March 15, 2015: At least 15 persons, including 13 Christians and two Policemen, were killed and more than 70 were injured, when two suicide bombers attacked two churches near the Youhanabad neighbourhood in Lahore, sparking mob violence in which two terrorists were killed. Youhanabad is home to more than 100,000 Christians. JuA had claimed responsibility for the attack as well.

September 22, 2013: At least 79 worshippers, including 34 women and seven children, were killed and another 130 were injured when two suicide bombers attacked a Christian congregation at the historic All Saints Church in the Kohati Gate area of Peshawar, the provincial capital of the Khyber Pakhtunkhwa (KP), on September 22, 2013. Ahmed Marwat, ‘a spokesman’ for the Jundullah group, a faction of the TTP, had claimed responsibility for the attack, and declared, in a statement to the media, "Until and unless drone strikes are stopped, we will continue our attacks on non-Muslims on Pakistani land. They are the enemies of Islam, therefore we target them."

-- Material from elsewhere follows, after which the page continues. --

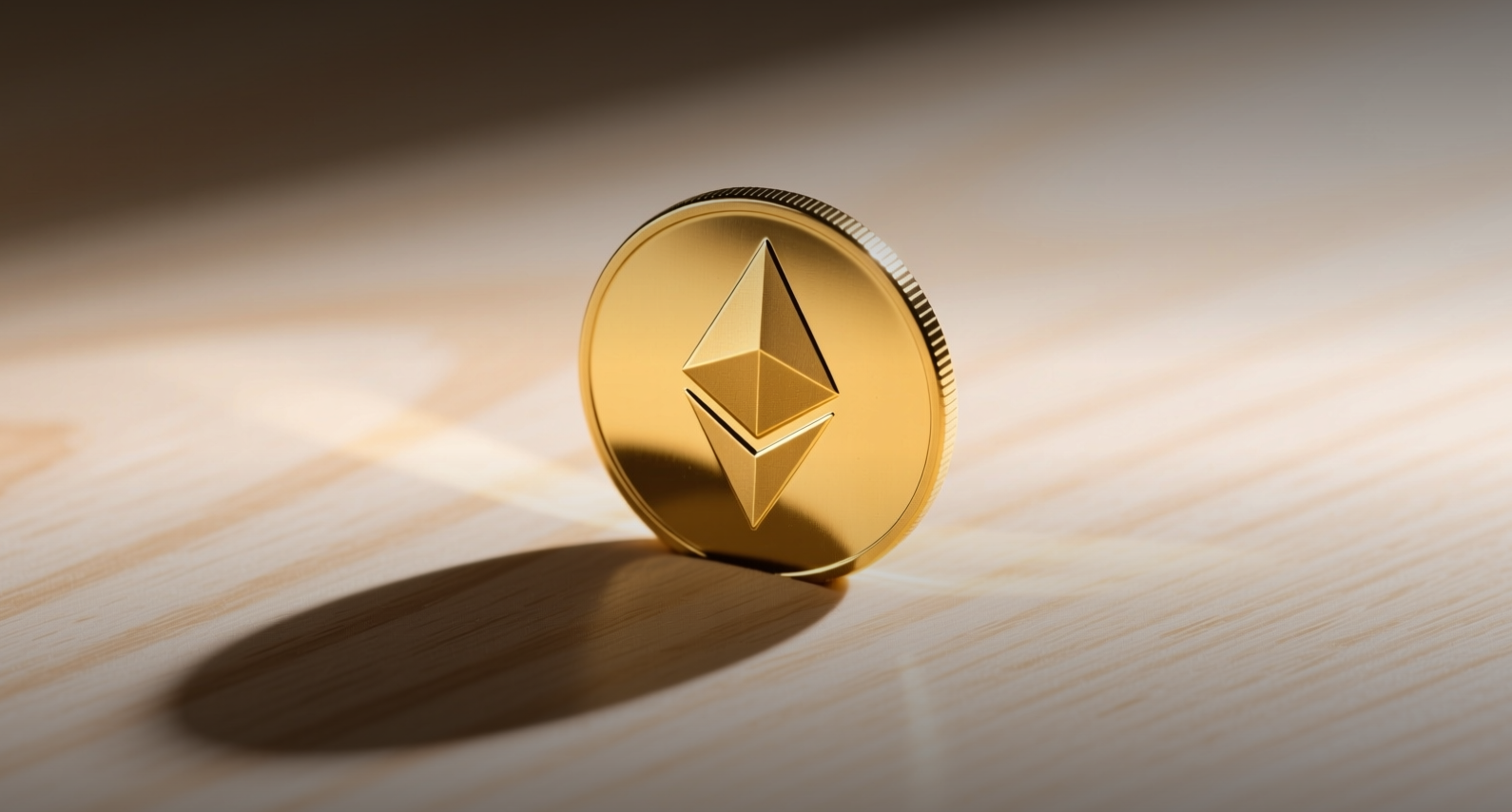 Ethereum gains 3% in 7 days as exchange outflows tighten supply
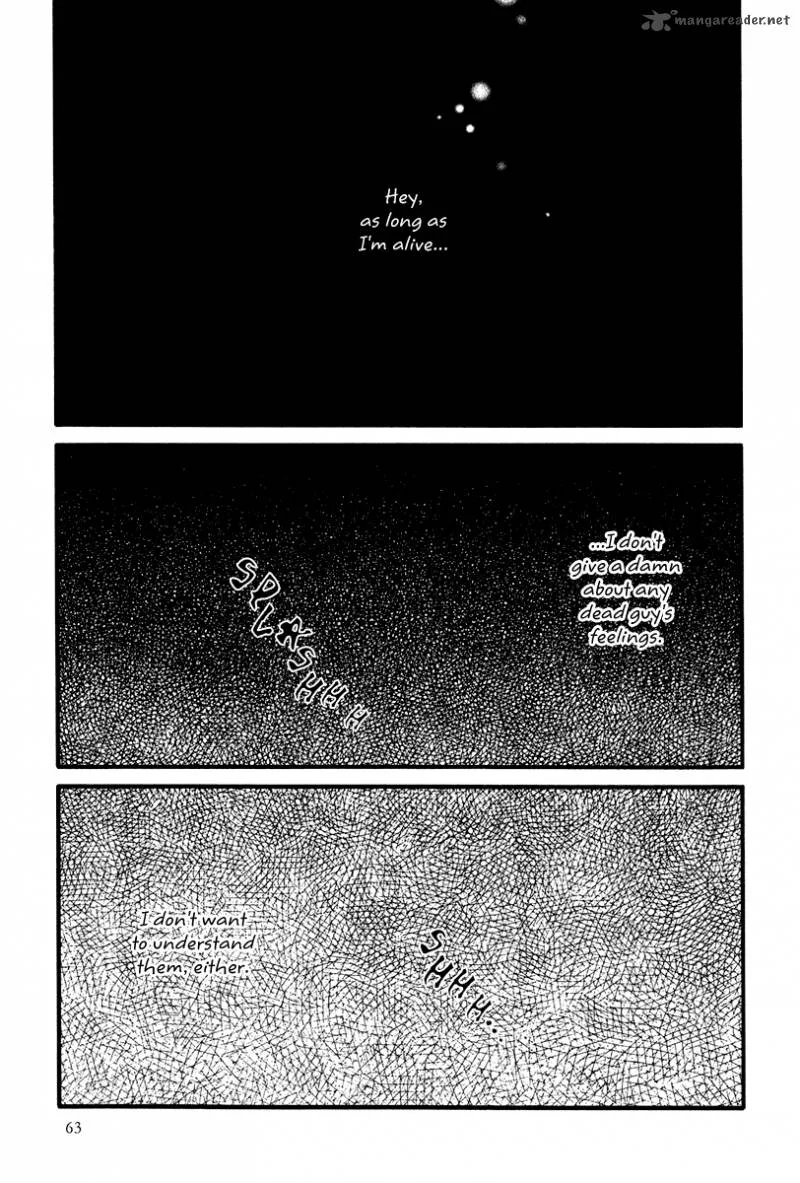 Natsuyuki Rendez-vous Chapter 8 page 4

The entry of Daesh into this ‘campaign of targeting Christians’ has created a more insecure environment for this minority. The Voice of America, quoting Pakistan Muslim League-Nawaz (PML-N) parliamentarian Tariq Christopher Qaiser, who belongs to Christian community, expressing serious concerns about the increasing number of targeted attacks, both on different Muslim sects and on Christians, stating, on April 7, 2018,

It’s not only alarming but also shameful. It is the responsibility of the state to protect all its nationals without any discrimination as to from which sect or religion they belong to. I have been raising my voice on the floor of the Parliament and will continue to do so.

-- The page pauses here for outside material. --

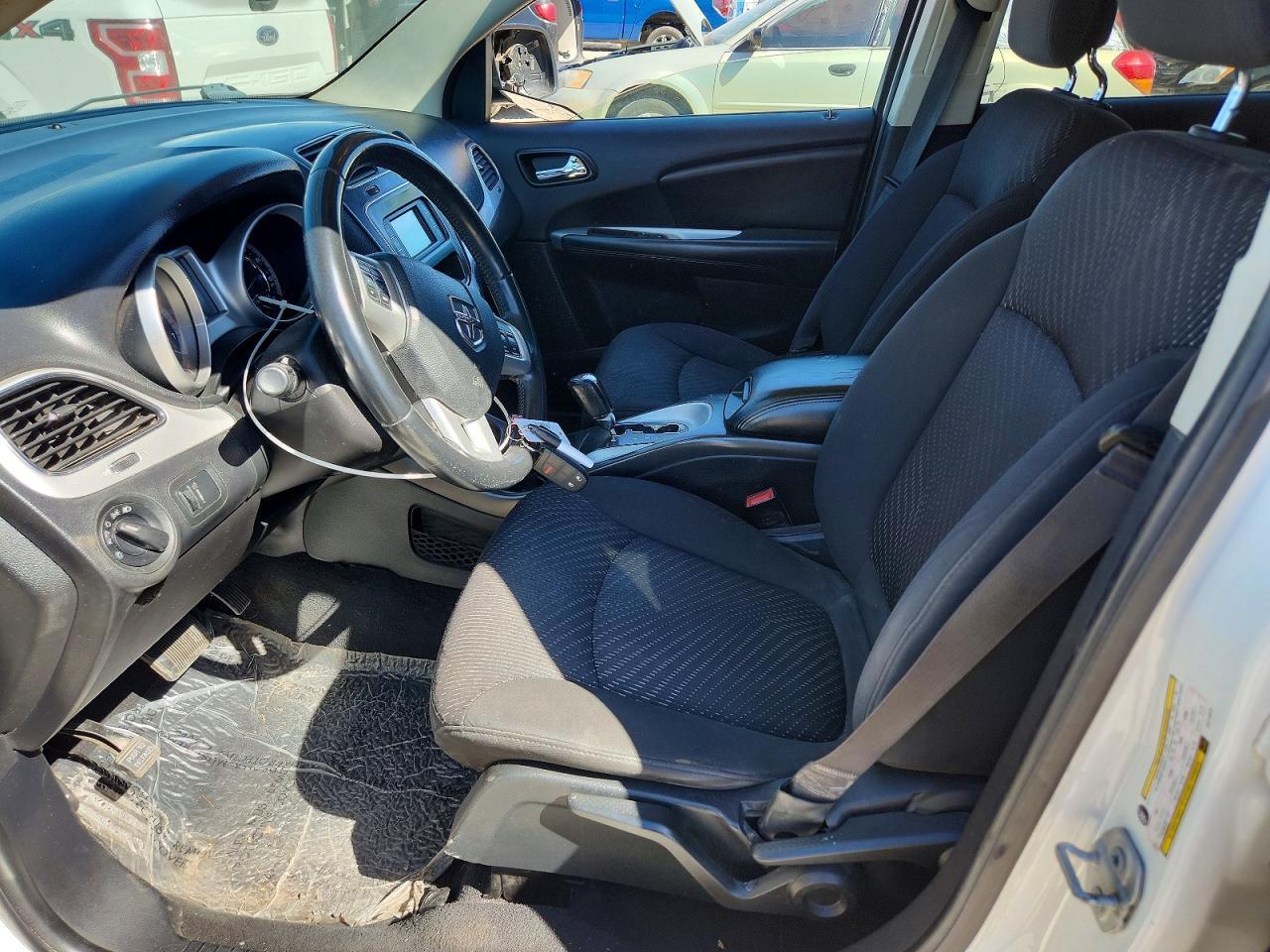 2016 Dodge Journey Se - Фото 7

Mehdi Hassan, chairman of the Human Rights Commission of Pakistan (HRCP), noted, on April 7, 2018,

Attacks on the Christian community by Daesh is really a matter of concern, and this will worsen [the] religious extremism situation in Pakistan. In a country where extremism exists in so many forms, any outfit (including Daesh) can triumph.

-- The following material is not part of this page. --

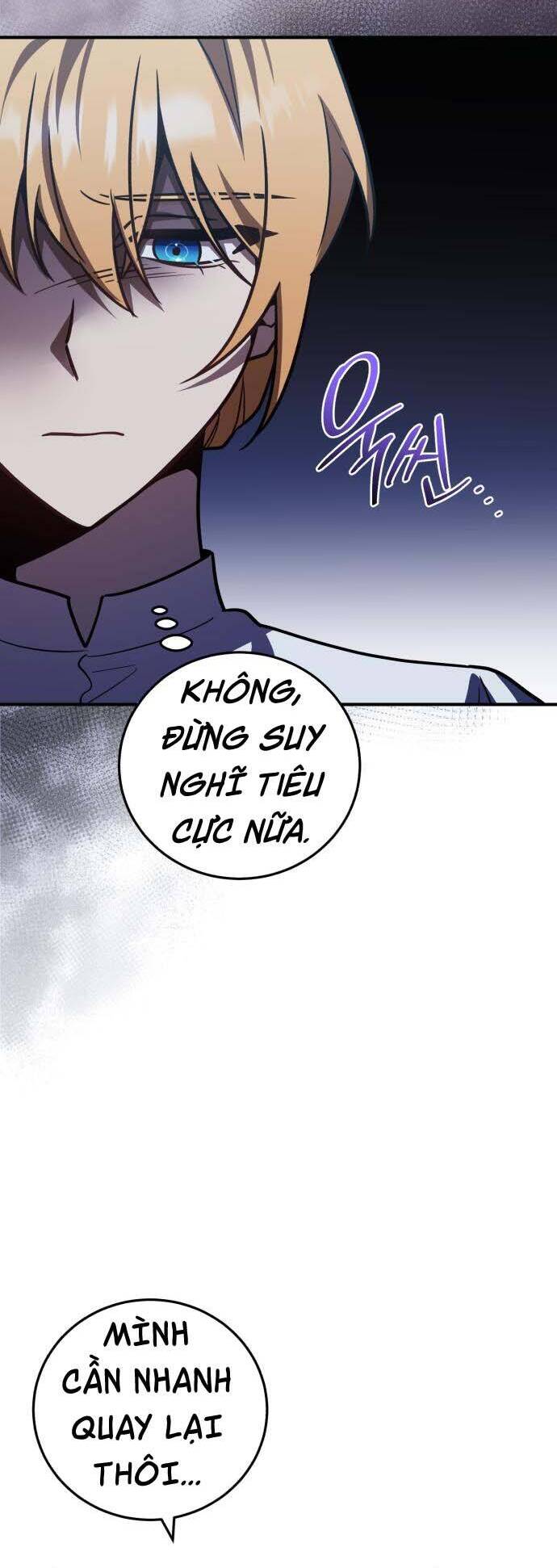 Hero X Demon King X Villain - Chapter 36.1 - Page 32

At the launch of its annual report on April 16, 2018, HRCP noted,

Violent persecution of Christians is a common occurrence in Pakistan. Christians are targets for murder, bombings, abduction of women, rape, forced conversions, and eviction from home and country. Fake cases under blasphemy laws are regularly used to terrorize Christians.

Indeed, after the Quetta Essa Nagri attack, on April 15, 2018, DIG Abdul Razzaq Cheema said to SAMAA TV over phone on April 16, 2018 that,

Lashkar-e-Janghvi (LeJ) and its offshoot LeJ al-Alami with the support of Daesh’s network operating in Afghanistan are carrying out the attacks in Balochistan. LeJ and other sectarian groups have thrown their weight behind Daesh and they are working for them”.

More recently, on March 30, 2018, National Counter-Terrorism Authority (NACTA) Chief Ihsan Ghani, observed that Daesh posed a real threat to Pakistan, and that its significant presence in Afghanistan threatened a spill over into Pakistan.

Significantly, on September 29, 2017, Pakistan’s Foreign Office had denied the organised presence of Daeshin the country, claiming that the country remained immune to this terrorist formation. Earlier, on July 1, 2017, the Director General of the Inter Services Public Relations (ISPR) Major General Asif Ghafoor had declared that there was no Daesh presence in Pakistan.

Other religious minorities have regularly faced atrocities across Pakistan. The Jinnah Institute of Pakistan, in a report titled ‘State of Religious Freedom in Pakistan 2015’, had noted that, between 2012 and 2015, at least 543 incidents of violence were recorded against religious minorities in Pakistan. Shias were targeted on at least 288 occasions during this period, followed by Hindus (91 occasions), Christians (88 occasions), and Ahamadiyas (76 occasions).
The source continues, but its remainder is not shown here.